Вечером были у нас гости; проф. Преображенский нас фотографировал при магнии и читал целую лекцию о световых и цветовых иллюзиях. Я была утомлена и сонна, что редко со мной бывает. Днем еще была с Сашей на Передвижной выставке; картин выдающихся нет, хороши последние пейзажи Шишкина, а бедность сюжетов и содержания -- поразительные. Вчера провела два с половиной часа на выставке с.-петербургских художников, и там же огромная картина Семирадского: мученица, привязанная к быку, цирк, Нерон и т. д.
Эту выставку смотрела с большим интересом. Огромное разнообразие пейзажей, переносивших меня то в Италию, то и Крым, то на Днепр, то на остров Капри или в восточные дикие страны, или в русскую, или в малороссийскую деревню, или на Кавказ. Все это чрезвычайно интересно, особенно мне, никогда не путешествовавшей. Написаны картины хорошо, старательно, -- почти все, но не все талантливо. "Христианка Дирцея в цирке Нерона" -- громадная картина в большую стену. О ней говорят разно и осторожно. По-моему, очень красиво, ярко, все размещение лиц и распределение цветов и положений -- гармонично, умно; но все холодно; не жалко растерзанной христианки, не жалко быка с прекрасной головой; не досадно на Нерона, не чувствуешь впечатления на публику. Но выставка вообще доставила мне большое наслаждение.
Сегодня ездила по делам: отдала вещи в починку, переделку, переплет и т. д. Вечером был у нас князь Трубецкой, скульптор, живущий, родившийся и воспитавшийся в Италии. Удивительный человек: необыкновенно талантливый, но совершенно первобытный. Ничего не читал, даже "Войны и Мира" не знает, нигде не учился, наивный, грубоватый и весь поглощенный своим искусством. Завтра придет лепить Льва Николаевича и будет у нас обедать.
Был Сергей Иванович, и так с ним просто, по-будничному, хорошо и спокойно. Говорил он с Сережей в моей комнате о переводе музыкального сочинения; Сережа его расспрашивал кое о чем.

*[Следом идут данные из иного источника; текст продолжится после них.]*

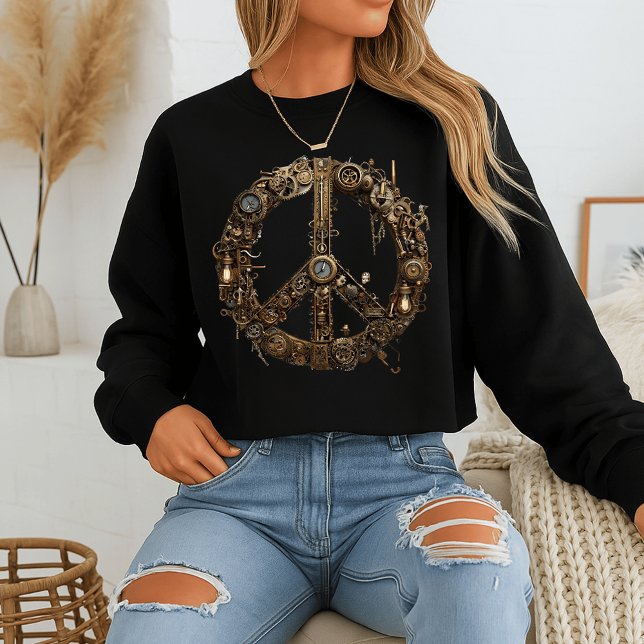 Steampunk Peace Sign Sweatshirt | Industrial Gear  (Creator Uploaded)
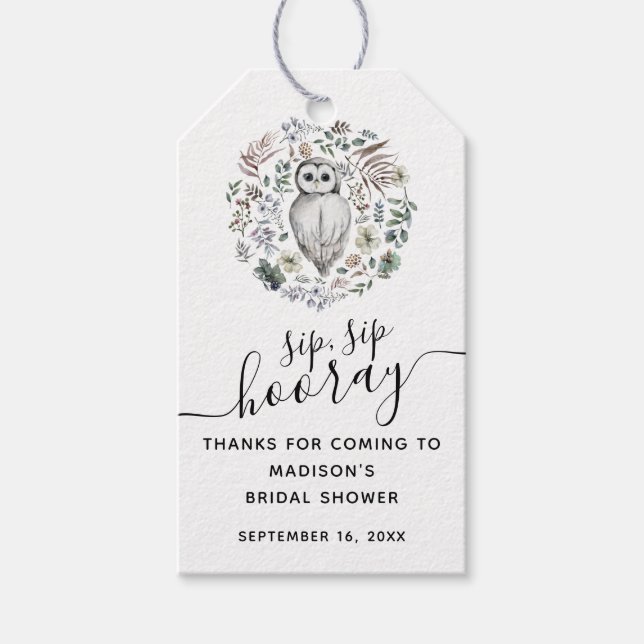 Waldland Wasserfarbe Grünes Brautparty Geschenkanhänger (Vorderseite)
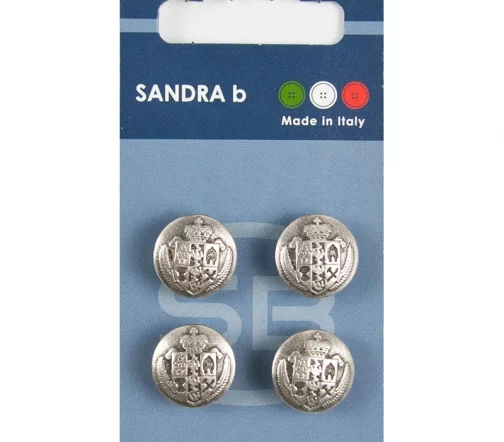 Пуговицы Sandra "Герб", на ножке, 15 мм, металл, 4 шт., серебро, CARD202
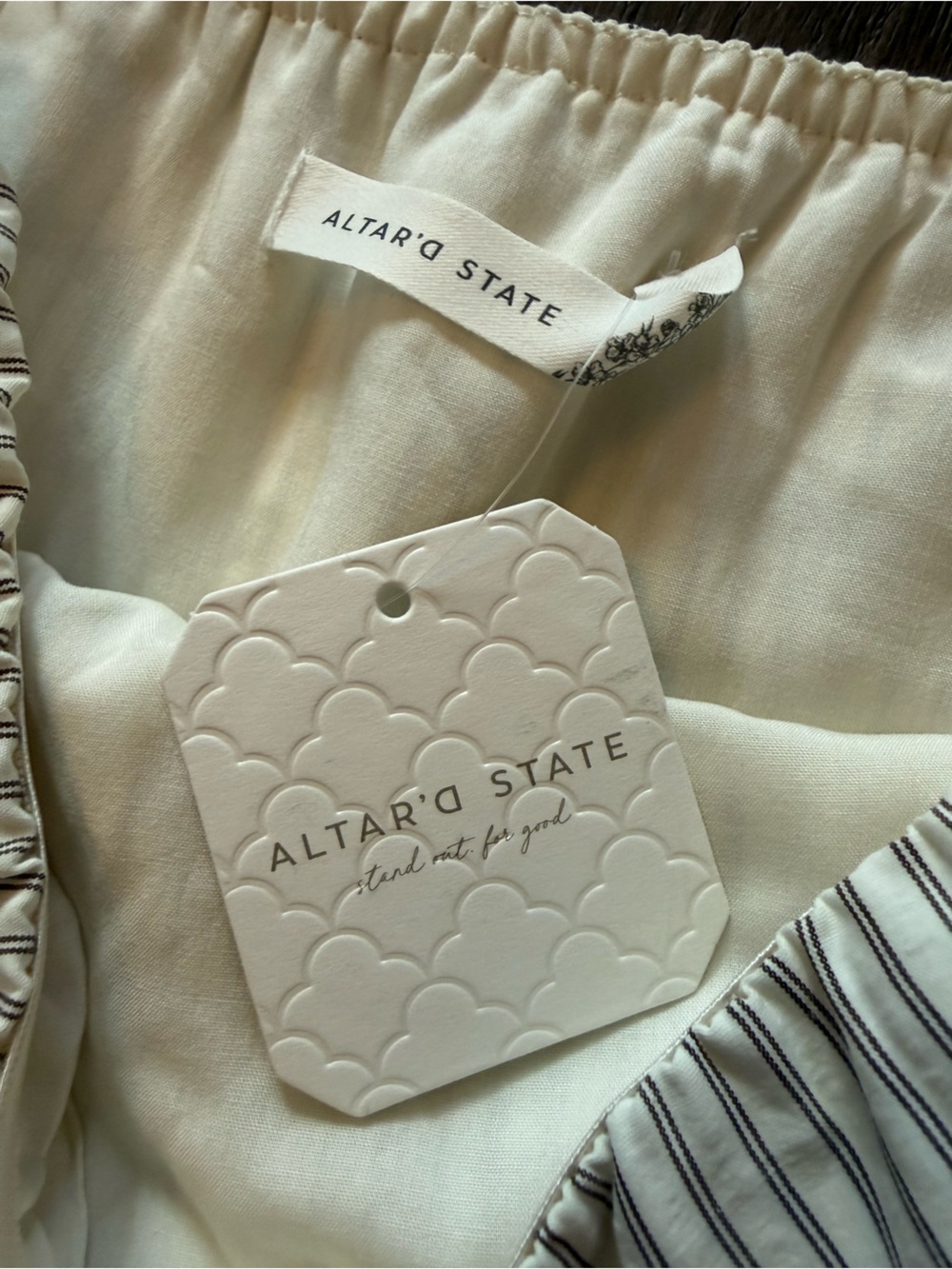 NWT Altar’d State Strapless Smocked Dress in Ivory with brown Stripe Size Small - Picture 12 of 14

Л. Н. объявил сегодня, что послезавтра он уезжает к Илюше в деревню, что ему в городе жить тяжело, что у него есть 1400 руб., которые он хочет раздать нуждающимся. Все это правильно, но мне так показалось грустно и одиноко жить одной с плохой Сашей и Мишей, которого никогда дома нет, что я просто расплакалась и умоляла Льва Николаевича не уезжать еще от меня, а пожить со мной хоть еще недельку. Если б он знал, как я слаба душой, как я всячески боюсь себя; боюсь и самоубийства, и отчаяния, и желания развлечь себя -- я всего боюсь, себя боюсь больше всего... Не знаю, послушает ли он мою просьбу. Мне и при нем часто кажется так безрассветно, трудно жить на свете, так многое в семье, в отношениях с Л. Н. наболело, так я устала от вечной борьбы, от напряженного труда в делах, в доме, в воспитании детей, в изданиях книг, в управлении детскими имениями, в уходе за мужем и соблюдении семейного равновесия... Все это совсем незаметно для постороннего глаза, а для измученного сердца моего все это так заметно! Ведь разве не тяжело такое положение: Л. Н. мне постоянно внушает, что живет в Москве для меня, а ему это мученье! Значит, я его мучаю. А в Ясной Поляне он гораздо мрачней, ему все-таки самому жизнь в городе интересна и развлекательна, и только иногда его утомляет.